When novelist Melanie Vander faces a looming deadline, she decides it’s time for an escape to an inspiring, novel-worthy locale. She’s not running away. Really. She just needs time to focus. But as she disappears into her writing, she encounters a man whose tenderness leaves her reeling. Engaging and wise, psychologist Elliot Hammond tempts Melanie to question everything, including her marriage.
But that’s ridiculous. Dr. Hammond isn’t even…real.
Melanie’s husband, Craig, has his own problems, including a recession that’s threatening his business. Waning finances, a looming home foreclosure, and a wife who’s checked out emotionally, has Craig feeling as though he’s carrying his burdens alone.
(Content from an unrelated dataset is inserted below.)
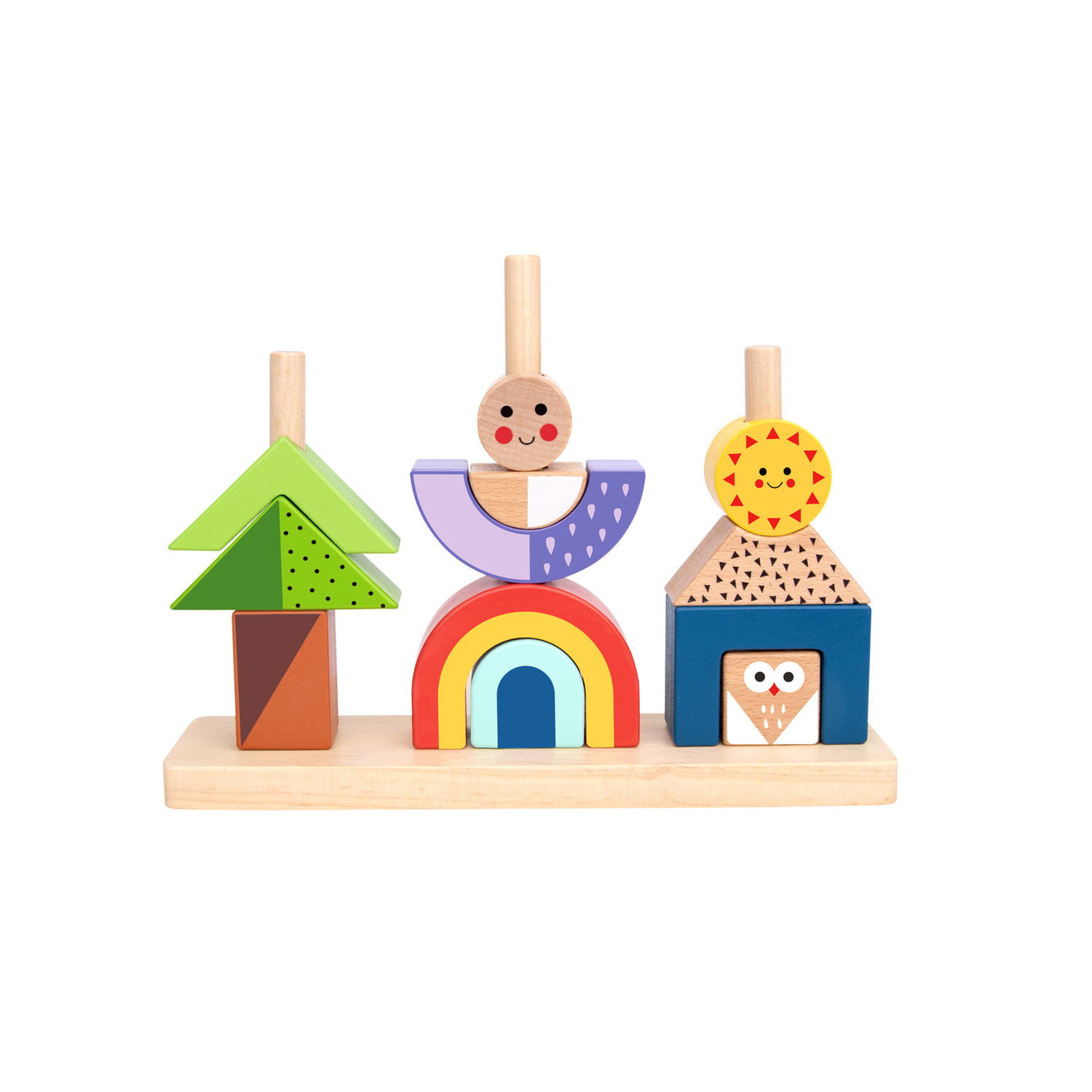 Tooky Toy Shadow Stacking Game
When his client, the beautiful and single Serena Buchanan, offers him a solution to his financial woes, he’s tempted by more than her offer of a business solution.
At a crossroads, Melanie and Craig seem headed in opposite directions.
As Melanie runs away from her problems by escaping into her own fictional world, Craig dives into his struggles, seeking God for strength and healing for his marriage. Ultimately, Melanie must choose whether she’ll check out completely, or allow her characters to lead her home.
About the author:
Ginny Yttrup is the award-winning author of Words, Lost and Found, Invisible, and Flames. She writes contemporary women’s fiction and enjoys exploring the issues everyday women face. Publishers Weekly dubbed Ginny’s work “as inspiring as it is entertaining.” When not writing, Ginny coaches writers, critiques manuscripts, and makes vintage-style jewelry for her Esty shop, Storied Jewelry (etsy.com/shop/StoriedJewelry). She loves dining with friends, hanging out with her adult sons, or spending a day in her pajamas reading a great novel. Ginny lives in northern California with Bear, her entitled Pomeranian. To learn more about Ginny and her work, visit ginnyyttrup.com.
Grieving is not something any of us would choose, and yet it’s something we all face at one time or another. Sometimes we’d rather pretend it doesn’t exist than to face it head on.
Several of the characters in Home are grieving. They are facing difficult situations, and they handle their emotions differently, but ultimately they each must go through a learning and healing process.
I love that Home doesn’t shy away from this difficult topic but presents loving and wholesome perspectives on the process. The characters wrestle with their faith, and sometimes each other, as we each must do.
Whatever the cause of our grief, there is hope and healing to be found, and Home shows the way there. Whether you are struggling yourself or are walking alongside someone else who is struggling with grief, Home is sure to be an encouragement to your heart.
(I received a complimentary copy of this novel. The thoughts expressed here are entirely my own.)